Columbia University New York, N.Y. 10027 Office of Public Information (212) 854-5573
An X-ray polarimeter, a powerful space instrument designed to study far-away sources of radiation and built by a collaboration headed by Columbia University's Robert Novick, is now expected to be lofted into orbit aboard a Russian satellite in late 1996.
In a joint announcement in Moscow on June 30, officials from the United States and Russia formally agreed that American space scientists will provide two instruments for the Spectrum-X-Gamma satellite mission.
Participants in the meeting, Daniel Goldin, Administrator of the National Aeronautics and Space Administration (NASA), and Yuri Koptev, Director General of the Russian Space Agency, signed a memorandum of understanding confirming U.S. participation in the Russian mission. The meeting was part of a series of discussions held in alternate capitals every six months between Vice President Al Gore and Prime Minister Viktor Chernomyrdin, as well as other cabinet-level officials, to discuss joint cooperation in a number of fields.
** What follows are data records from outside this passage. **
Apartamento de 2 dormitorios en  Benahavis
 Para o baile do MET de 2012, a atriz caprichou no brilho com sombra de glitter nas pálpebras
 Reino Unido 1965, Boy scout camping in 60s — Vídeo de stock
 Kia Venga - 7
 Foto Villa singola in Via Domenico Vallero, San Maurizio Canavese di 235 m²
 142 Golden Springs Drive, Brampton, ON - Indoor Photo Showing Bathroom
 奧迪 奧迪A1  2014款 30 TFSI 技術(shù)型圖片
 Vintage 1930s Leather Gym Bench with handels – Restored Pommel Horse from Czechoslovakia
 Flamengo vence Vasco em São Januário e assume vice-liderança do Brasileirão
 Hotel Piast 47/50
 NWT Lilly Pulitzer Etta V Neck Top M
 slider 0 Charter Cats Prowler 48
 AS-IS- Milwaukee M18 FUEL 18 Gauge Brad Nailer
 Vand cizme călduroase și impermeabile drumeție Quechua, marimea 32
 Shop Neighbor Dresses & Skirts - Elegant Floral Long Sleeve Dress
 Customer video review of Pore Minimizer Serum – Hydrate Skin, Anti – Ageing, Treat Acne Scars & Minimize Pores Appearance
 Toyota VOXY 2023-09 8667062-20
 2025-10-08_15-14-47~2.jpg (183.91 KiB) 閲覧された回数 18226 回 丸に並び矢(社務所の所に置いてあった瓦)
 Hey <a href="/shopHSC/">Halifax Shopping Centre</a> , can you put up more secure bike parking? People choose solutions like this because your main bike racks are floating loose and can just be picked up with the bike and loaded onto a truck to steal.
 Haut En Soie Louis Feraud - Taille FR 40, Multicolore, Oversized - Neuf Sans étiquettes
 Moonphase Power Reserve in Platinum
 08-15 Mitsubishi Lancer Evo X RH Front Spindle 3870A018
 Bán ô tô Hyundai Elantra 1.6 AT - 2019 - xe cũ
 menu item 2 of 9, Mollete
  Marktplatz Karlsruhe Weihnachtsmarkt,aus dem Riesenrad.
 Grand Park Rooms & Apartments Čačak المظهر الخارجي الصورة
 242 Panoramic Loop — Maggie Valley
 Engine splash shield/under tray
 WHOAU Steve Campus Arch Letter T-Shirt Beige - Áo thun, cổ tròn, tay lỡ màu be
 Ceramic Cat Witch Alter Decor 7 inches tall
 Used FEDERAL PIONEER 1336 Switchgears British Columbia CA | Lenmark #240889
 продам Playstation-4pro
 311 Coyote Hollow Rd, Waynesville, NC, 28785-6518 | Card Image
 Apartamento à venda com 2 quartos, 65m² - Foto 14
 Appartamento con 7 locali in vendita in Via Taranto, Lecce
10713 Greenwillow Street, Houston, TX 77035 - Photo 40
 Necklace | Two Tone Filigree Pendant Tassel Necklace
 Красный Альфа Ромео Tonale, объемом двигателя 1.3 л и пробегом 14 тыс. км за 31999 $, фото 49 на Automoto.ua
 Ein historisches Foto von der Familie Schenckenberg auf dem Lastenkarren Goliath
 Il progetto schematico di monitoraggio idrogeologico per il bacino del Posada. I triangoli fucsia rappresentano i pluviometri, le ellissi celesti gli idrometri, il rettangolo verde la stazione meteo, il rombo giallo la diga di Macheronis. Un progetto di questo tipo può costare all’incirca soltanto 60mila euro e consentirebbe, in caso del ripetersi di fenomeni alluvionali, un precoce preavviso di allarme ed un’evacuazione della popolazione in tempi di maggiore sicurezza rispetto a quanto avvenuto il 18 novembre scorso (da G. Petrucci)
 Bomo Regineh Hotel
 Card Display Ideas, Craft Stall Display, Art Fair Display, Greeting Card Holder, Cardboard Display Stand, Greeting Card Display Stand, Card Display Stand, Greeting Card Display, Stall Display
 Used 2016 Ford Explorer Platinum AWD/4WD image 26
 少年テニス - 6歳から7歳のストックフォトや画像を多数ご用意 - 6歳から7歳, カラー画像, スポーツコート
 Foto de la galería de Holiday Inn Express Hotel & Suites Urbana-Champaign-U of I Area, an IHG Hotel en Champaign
The instrument, titled the Stellar X-Ray Polarimeter, is being constructed by an international collaboration headed by Dr. Novick, professor emeritus of physics and special research scientist at Columbia. The collaboration also includes scientists and engineers from Lawrence Livermore National Laboratory,
NASA's Marshall Space Flight Center, Sandia National Laboratories and the Italian Consiglio Nazionale delle Richerche. Members of the Columbia team include Professor Novick; Philip Kaaret, associate professor of physics; and Joseph Dwyer, a postdoctoral research scientist.
The X-ray polarimeter will on launch be the only instrument in space capable of measuring the polarization of X-rays from astronomical objects such as neutron stars, black holes and supernova remnants, Professor Novick said. X-rays, like light, consist of wave-like pulses of energy, which can be polarized, or lined up in a certain plane. Measuring that polarization will give astronomers clues to certain astronomical events, such as whether an X-ray emitting region of space contains any black holes, objects so massive and dense that not even light can escape its gravitational field. They also hope to discover whether pulsars--dense, spinning stars also called neutron stars--emit X-rays in a fan shape or in a thin beam, and how radiation is emitted by other objects, such as quasars.
"The Stellar X-Ray Polarimeter will provide unique new information about what happens when matter falls into a black hole or onto a neutron star," said Dr. Kaaret. "Observations made with the polarimeter will lead to significant advances in our understanding of the physical processes occurring near neutron stars and black holes."
The project, begun in 1989, would have been impossible without the international collaboration, Dr. Kaaret said. Western scientists were unable to obtain space on any American space mission for the polarimeter, but the Russian space agency was able to provide the opportunity to fly a satellite-based instrument, he said, matching Western instrument-building skills with Russian satellite launching capabilities.
The X-ray polarimeter experiment is to be launched as part of a 2.5 ton scientific payload aboard a Proton rocket. The satellite will carry the most powerful X-ray and gamma-ray detectors ever orbited. A single orbit, with an apogee (maximum altitude) of 120,000 miles, about halfway to the moon, will take four days, allowing for unusually long observations of specific X-ray sources before the satellite swings behind the Earth.